I thought briefly of ignoring her plight and encouraging her to have a shower, maybe even attend to this myself and asking a reluctant colleague to help, but that was my thought, not Mary’s, if you are dead showers are not important. Or relevant.
“I’ve destroyed myself”, she said again, less urgently.
“It’s not time yet Mary”, a voice called from over my shoulder, “another ten minutes…when it’s eleven, it’s ten too at the moment”.
Mary looked up again, squinted at the clock in the office.
“I’ve destroyed myself”, she said, louder than before, a brief flare of anger that dwindled to a scowl. Straining to make out the hands on the clock again, just to be certain this was no lie, she then seemed appeased. Perhaps, ten minutes was not so long, perhaps, her destruction was slightly less pressing, I dont know, but she turned slowly away, steadied herself and walked slowly back to her preferred chair.
It was difficult to find a satisfactory response for Mary. She spoke little but for two or three refrains that clearly meant something to her but did not invite an answer, they were more statements. Sometimes they were literal, sometimes they implied something like cigarettes. With these two or three unanswerable questions – unanswerable in that any response so far has proved fruitless – Mary negotiated life and other people. You know when she is well I’ve been told when her reportoire expands up to six or seven sentences and she stops knocking at the door. When she lies in bed all day, when she actually uses her room; this is the point at which she leaves hospital to return to her own home and lie in her own bed where sometimes she listens to the radio.
Mary doesn’t produce much discussion within the team. No one knows how she destroyed herself, why, how it came to be, or if she could be made alive again. Mary was Mary. Mary was in hospital more than not and people had stopped asking such questions. The pattern had been set.

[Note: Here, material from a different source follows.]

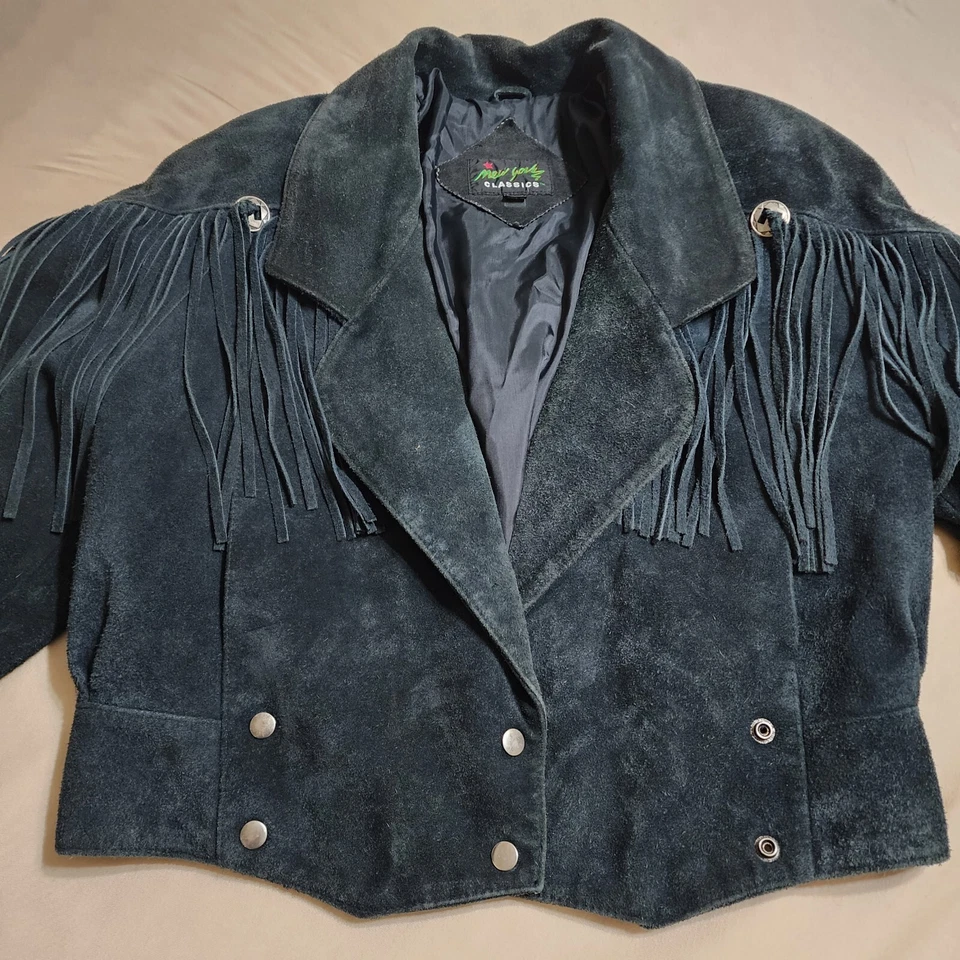 Chaqueta de cuero para mujer New York Classics motocicleta de colección flecos y conchos pequeña Foto 4 de 4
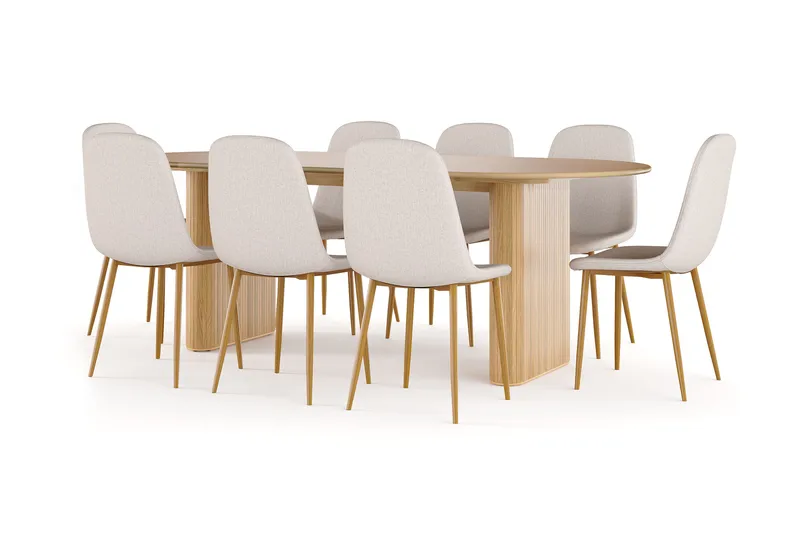 Noira Soikea Ruokapöytä 220 cm Tammi + 8 Nibe tuolia beige tammijaloilla, Luonnonväri/Beige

Mary came in dishevelled and emaciated, quiet and vacant, or loud and combative. She was injected with a long acting drug and slowly began to eat again. Then came the routine of the hourly cigarette dance until someone said she was ready to go.
Mary sat in her chair looking at the clock through the office window. I went and sat next to her, joining her watch time pass, both of us eyeing the second hand slowly ticking away at life, urging it on so Mary could get her cigarette and find whatever peace she did during those 5 minutes of every hour she could smoke it.
I remembered the log. Mary noticed this change, looked at me then at the clock, back at me.
“I’ve destroyed myself”, she said, softly this time and put her hand on mine for a moment. She looked at me, as blankly as ever, but somehow different.
“It’s ok Mary”, I said, “I’m staying here with you and in 5 minutes I’ll get that cigarette ok?”
Mary eased a little into her chair, as did I to reassure her and we returned our eyes to the stupifying effect of watching a clockface as t anticipated the marking of another hour.